Kejujuran di Rumah Doa

Ada banyak ragam doa. Ada doa yang tulus ada pula doa yang tidak tulus. Selain itu, masih ada doa pura-pura dan doa yang diwarnai kemunafikan. Bagaimana Tuhan memandang doa atau permohonan ini? Sang raja dan penyair PL menyebut doa seperti berikut, "Korban orang fasik adalah kekejian bagi Tuhan, tetapi doa orang jujur dikenang-Nya" (Amsal 9:8).

Korban persembahan di Bait Tuhan adalah wujud dari doa. Namun, korban atau persembahan ini tidak akan diterima Tuhan kalau disampaikan sebagai akibat dorongan kefasikan. Orang-orang fasik mengetahui kebenaran, tetapi mencemooh kebenaran itu. Mereka tampaknya menunjukkan 'kesalehan' dengan membawa persembahan sekadar formalitas, tetapi hati mereka menjauh dari Tuhan. Motivasi mereka lain. Korban yang dibawa mereka itu hanya sekadar syarat untuk menunjukkan kepada orang di sekitarnya bahwa mereka memang benar menyembah Allah, sesuai dengan peraturan.

Tetapi doa semacam ini justru menjadi kekejian bagi Tuhan. Doa dan korban itu disampaikan untuk mengejar kesuksesan, keuntungan pribadi, atau karena keangkuhan.

Hanya orang yang "mengejar kebenaran" sajalah yang dikasihi-Nya. Artinya, doa mereka dikabulkan sesuai dengan kehendak-Nya, dan demi kemuliaan-Nya.

Orang-orang "yang mengejar kebenaran" boleh menghadap Tuhan karena: "Mereka akan Kubawa ke gunung-Ku yang kudus dan akan Kuberi kesukaan di rumah doa-Ku" (Yesaya 56:7a). Mereka yang memohon dengan tulus, yang datang kepada Tuhan dalam kebenaran yang sejati, akan dibawa ke "Gunung Tuhan yang kudus" dan akan memperoleh kesukaan di rumah doa.
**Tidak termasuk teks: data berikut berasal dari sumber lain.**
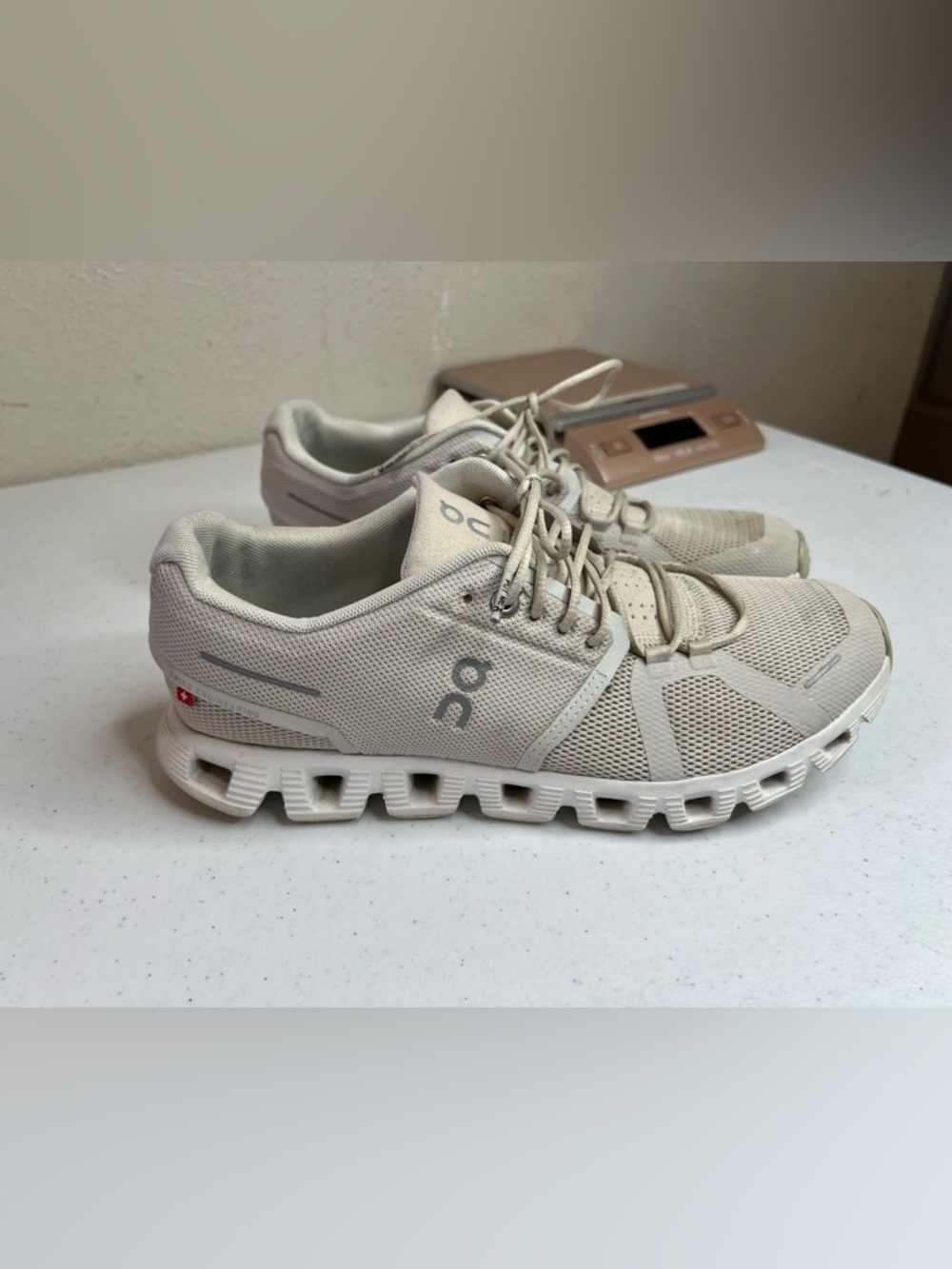 ON Cloud 5 Running Pearl Women’s 9 Sneakers Shoes 59-98773 Cloud Tech Comfort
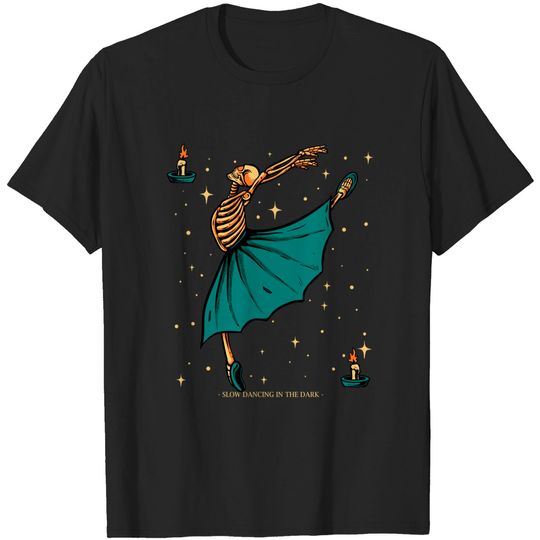 Discover Skull Skeleton Ballet Dancing Ballerina Skeleton Dancing - Ballet - T-Shirt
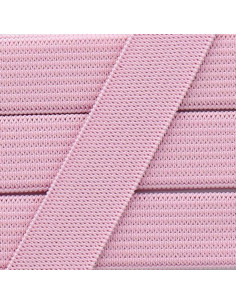Weiches Gummiband 15 mm - Rosa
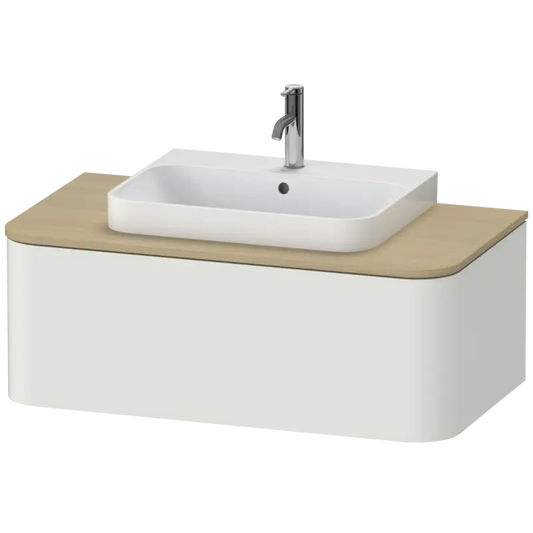 Duravit Happy D.2 39" x 14" x 22" Nordic White One Drawer Wall-Mount Vanity Unit (HP494103939)
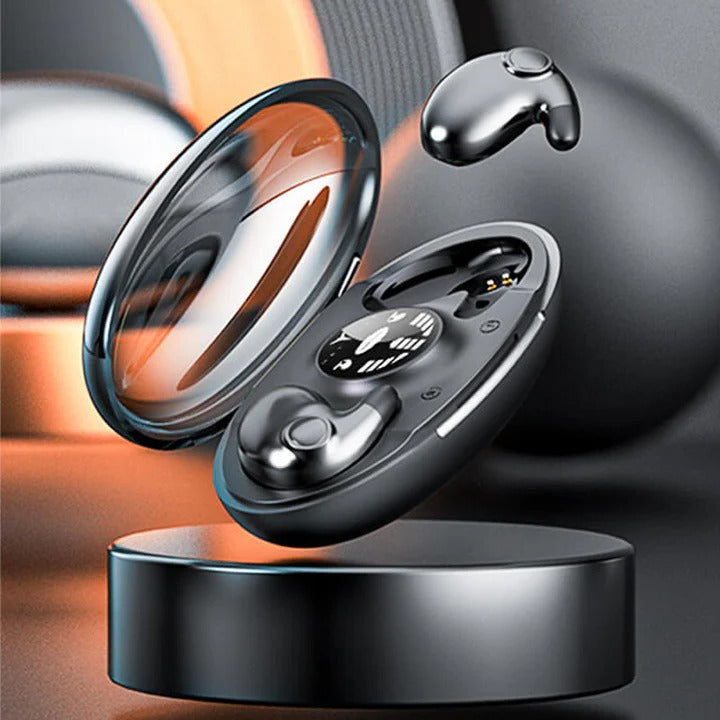 Compact Bluetooth Earbuds with Mic and Charger Case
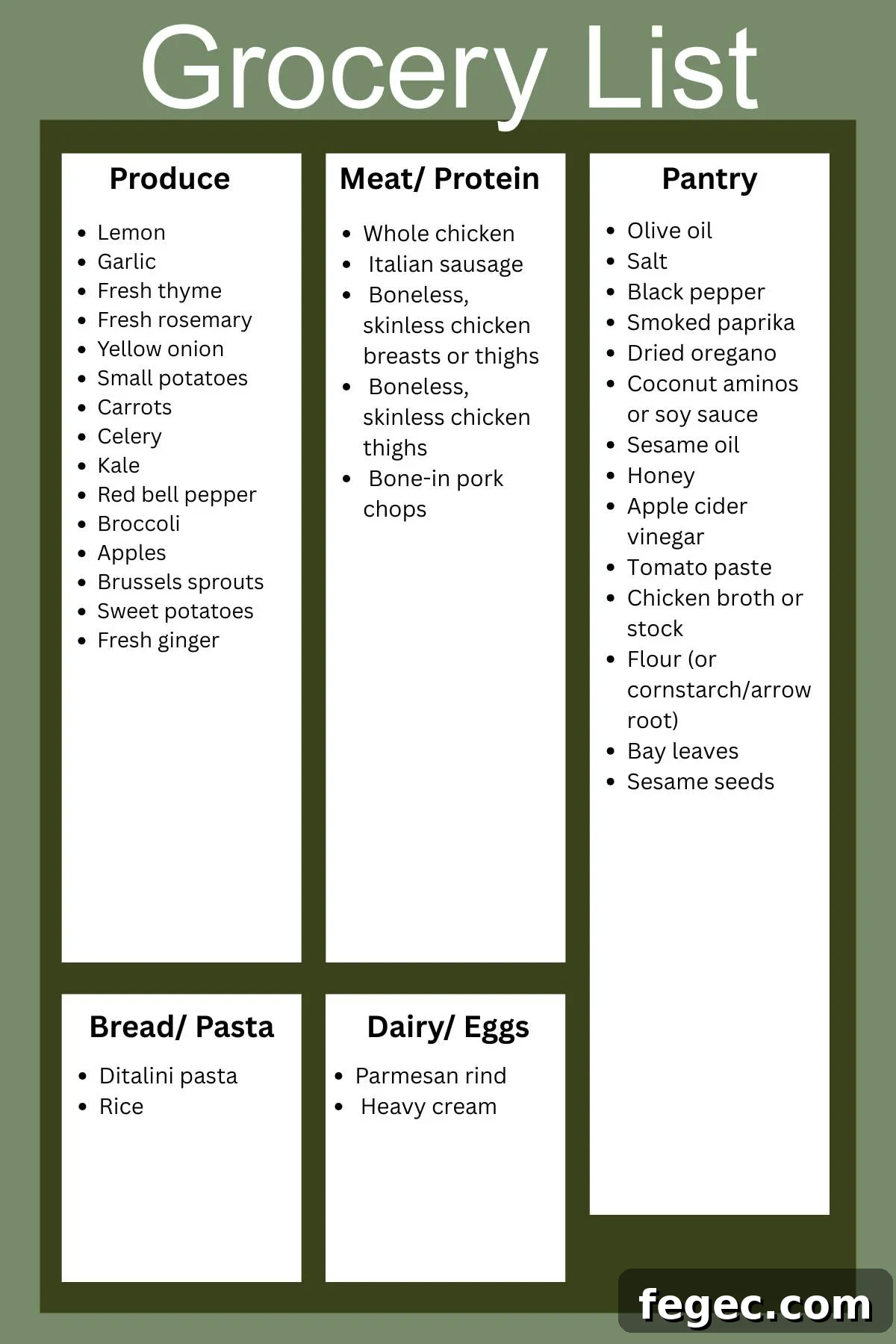 Weekly Meal Plan for Feb 8–14, 2026: Dinners, Snacks & Prep Tips 3 Grocery list preview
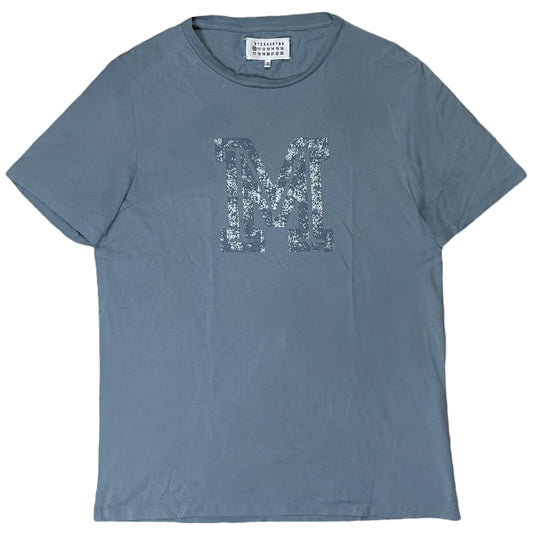 Maison Margiela Cracked Varisity M Print T-Shirt - SS17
Pernyataan ini amat indah dan puitis. Siapakah yang dapat menaklukkan Gunung Tuhan yang kudus? Mereka yang diam di rumah doa akan terpelihara dari kebinasaan yang kekal. Ada saatnya Tuhan berpaling dari umat-Nya. "Engkau menyelubungi diri-Mu dengan awan, sehingga doa tak dapat menembus." (Ratapan 3:44) Apabila kita mengandalkan kekuatan diri sendiri, segala doa yang kita layangkan kepada Tuhan tidak akan sampai karena Tuhan tidak mau mendengar. Doa-doa kita tidak akan dapat "menembus selubung awan yang menutupi hadirat Tuhan".

Patung yang Disembah dan Tidak Menyelamatkan

Kisah-kisah dari PL banyak mengungkapkan kebiasaan orang pada zaman itu, membuat patung untuk disembah. Mengapa mereka membuat patung untuk disembah padahal mereka tahu bahwa patung itu buatan tangan mereka sendiri? Mereka tahu bahwa patung yang diukir mereka tidak akan mampu mengabulkan permohonan mereka. Hal itu mereka tahu.

Lalu? Ya, sesungguhnya mereka berlindung kepada diri mereka sendiri. Patung itu merupakan manifestasi keangkuhan diri mereka sendiri. Dengan kekuatan mereka, mereka menyembah diri sendiri. Demikianlah orang-orang zaman kini membuat patung bagi diri mereka sendiri, dengan kepintaran, teknologi canggih, mereka berlindung di dalamnya. Mereka merasa tidak memerlukan Tuhan Allah karena mereka mampu dan menyembah hasil kemampuan mereka.

Di hadapan Tuhan, mereka itu tidak ada artinya. "Tiada berpengetahuan orang-orang yang mengarak patung dari kayu dan yang berdoa kepada allah yang tidak dapat menyelamatkan." (Yesaya 45:20b) Allah yang diam di surga, tidak tampak bagi umat manusia yang congkak. Pengalaman hidup mereka menunjukkan kepada mereka bahwa hanya dengan kekuatan sendiri saja mereka dapat hidup. Pelbagai ilmu pengetahuan telah 'membuktikan' kepada mereka bahwa Tuhan itu tidak ada. Yang ada dan nyata hanya manusia saja. Dengan akal dan pikiran mereka sendiri, mereka dapat menyelamatkan diri. Seperti pada zaman Menara Babel, keturunan Nuh hendak menandingi Tuhan dan ingin berlindung di balik teknologi tinggi mereka, mereka merasa mampu mengalahkan Tuhan yang diam di surga.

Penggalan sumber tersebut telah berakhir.